Required work: Once the line holding "Seletti Monkey Standing" is found in the entries below, transcribe exactly every line up to and including the one holding "H102 Henbury Ladies", but leave out the pictures.

(Entries taken from a collection)
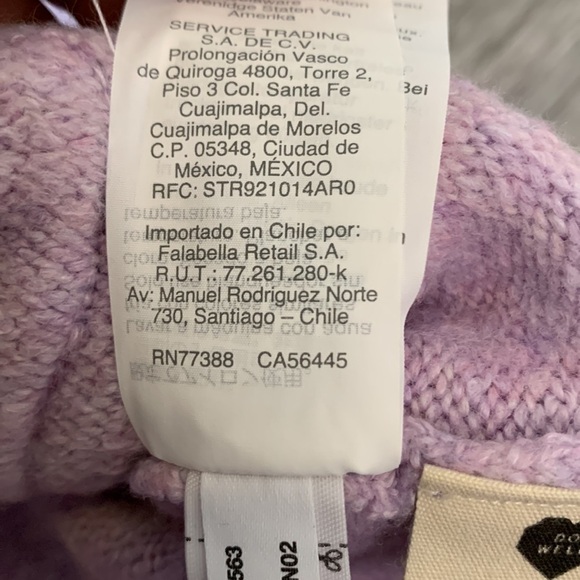 Madewell Lilac Purple Button-Up Cardigan Sweater Shrunken Fit Pockets NWT XXS - Picture 15 of 15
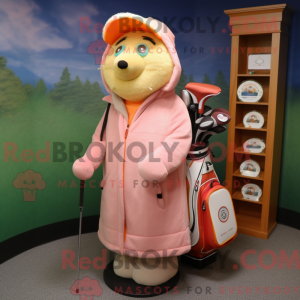 Peach Golf Bag máscara de...
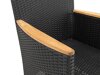 Σετ Τραπέζι και καρέκλες deNoord 277 (Μαύρο)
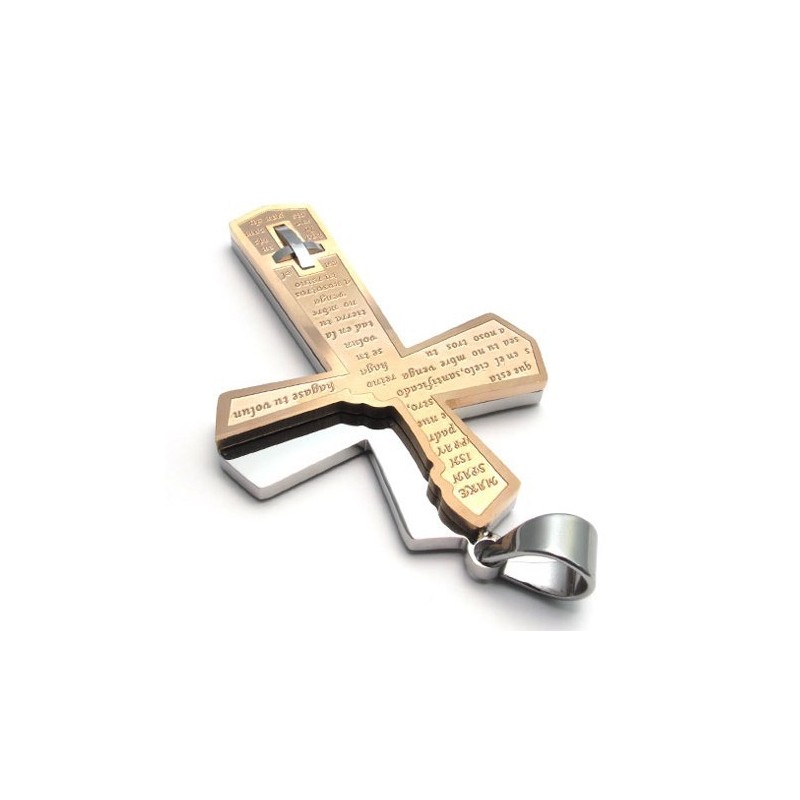 Colgante De Cruz De Titanio De Diseño Atractivo, Color Brillante Y Duradero. Colgante De Cruz De Titanio De Diseño Atractivo, Color Brillante Y Duradero.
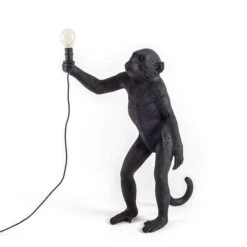 Seletti Monkey Standing Table Lamp Black Outdoor -Teddyssmith shop Seletti Monkey Bordlampe Sort5 p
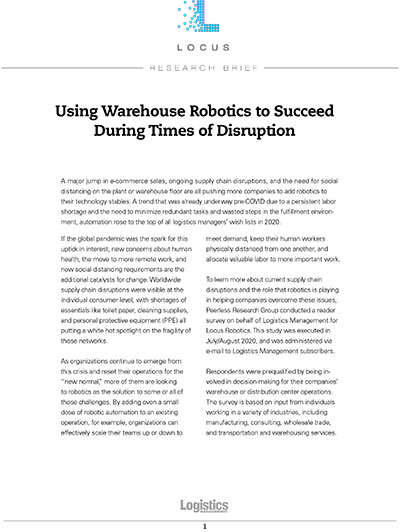 Using Warehouse Robotics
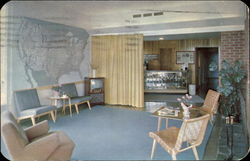 Tourinns Motor Courts Postcard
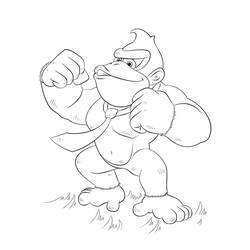 Mario (Video Games) coloring page #172108 to print and color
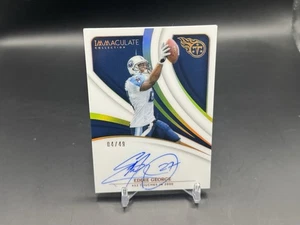 2024 Immaculate Records #IR-EGE Eddie George ON CARD Auto #/49 - Titans - Picture 1 of 2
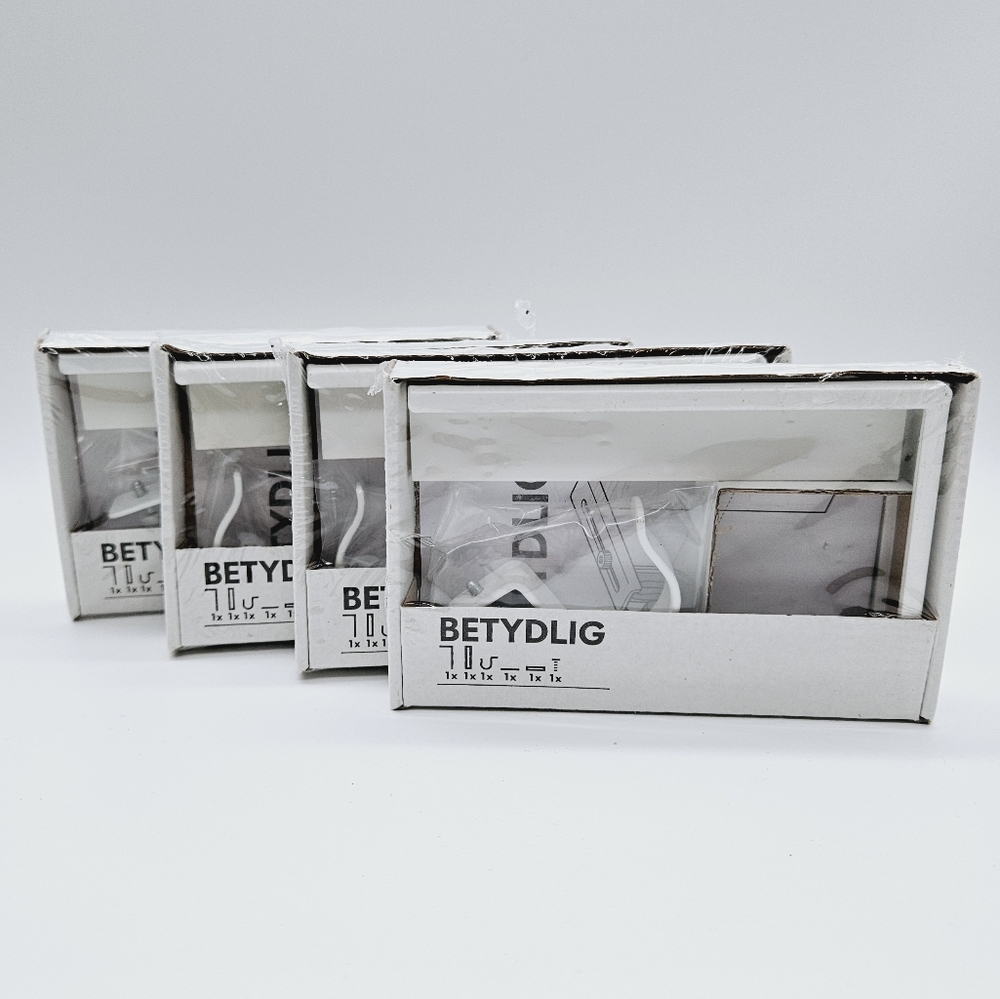 IKEA | BETYDLIG curtain rod ceiling/wall bracket x4 units - white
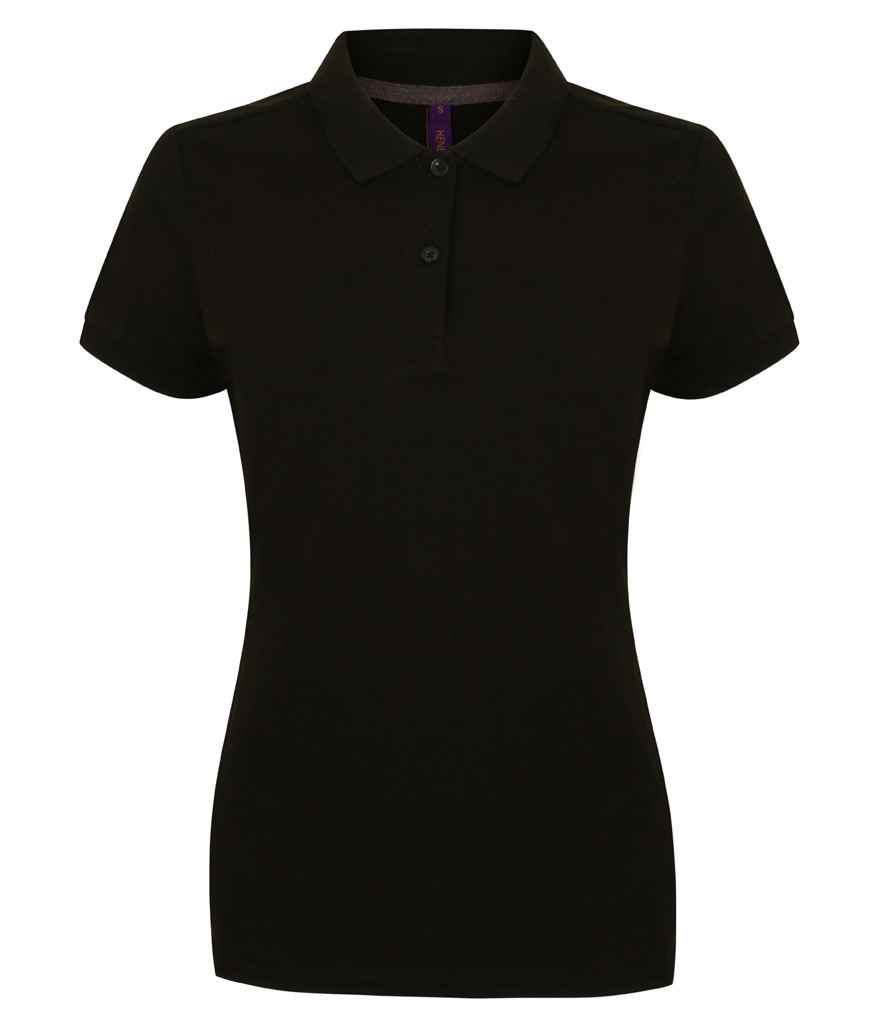 H102 Henbury Ladies Modern Fit Cotton Piqué Polo Shirt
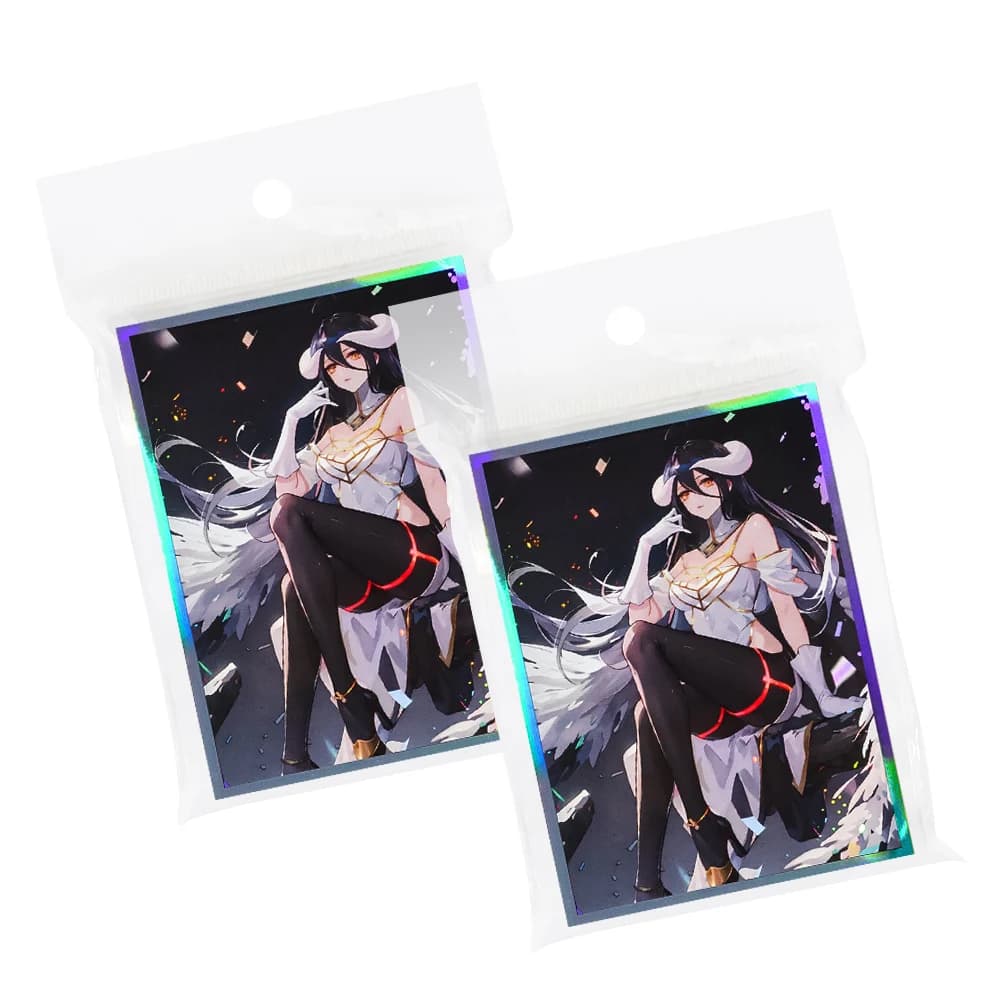 67×92mm 120PCS Albedo Nuovo Anime Buste per carte Gioco da tavolo Carte Protector Carte PTCG Scudo Copertina della carta per MGT Trading Cards
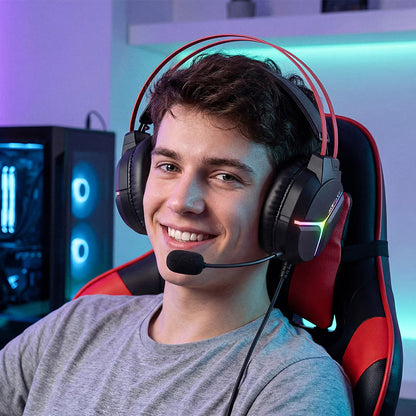 Acefast H16 3.5mm Gaming Headphones, RGB, 2m, Black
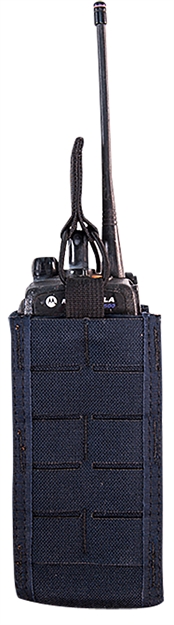 Picture of  High Speed Gear 41Rd00le Taco Duty Radio Holder, LE Blue Nylon With Molle Exterior & Bungee Pull Tongue, Fits Molle & 2" Belt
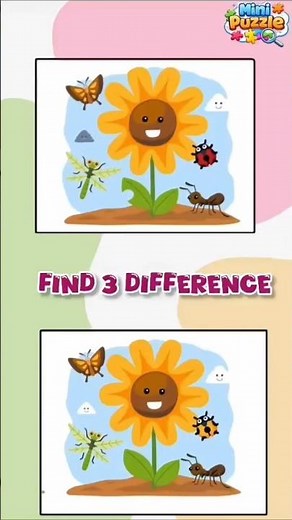 Find 3 difference #findthedifference #puzzle #spotthedifference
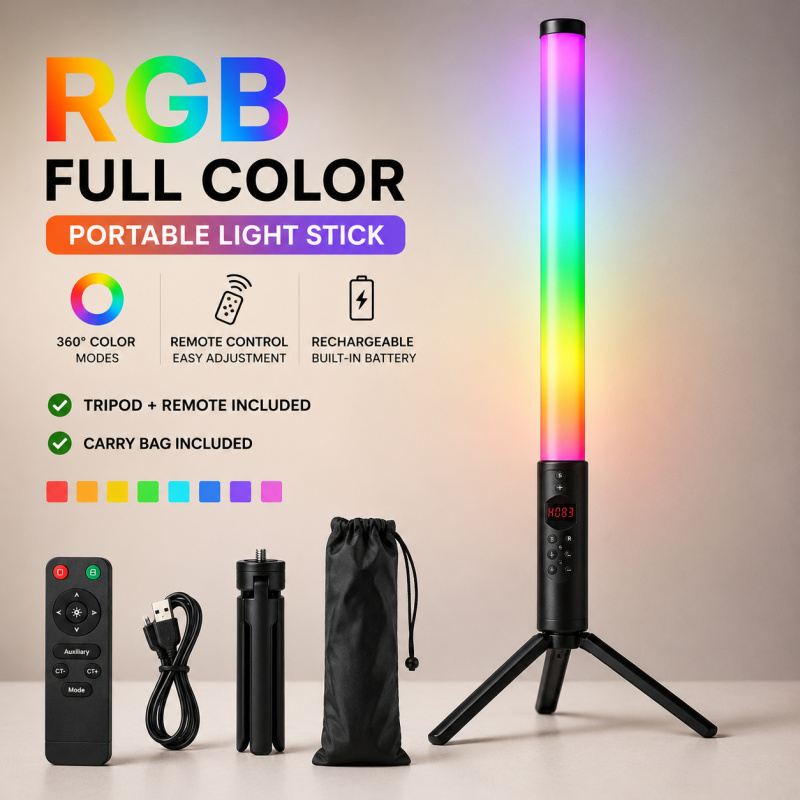 Varita de Luz de Video RGB Por - Photography Umbrella Lights reseña y precio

Output:
 Seletti Monkey Standing Table Lamp Black Outdoor -Teddyssmith shop Seletti Monkey Bordlampe Sort5 p
 Using Warehouse Robotics
 Tourinns Motor Courts Postcard
 Mario (Video Games) coloring page #172108 to print and color
 2024 Immaculate Records #IR-EGE Eddie George ON CARD Auto #/49 - Titans - Picture 1 of 2
 IKEA | BETYDLIG curtain rod ceiling/wall bracket x4 units - white
 H102 Henbury Ladies Modern Fit Cotton Piqué Polo Shirt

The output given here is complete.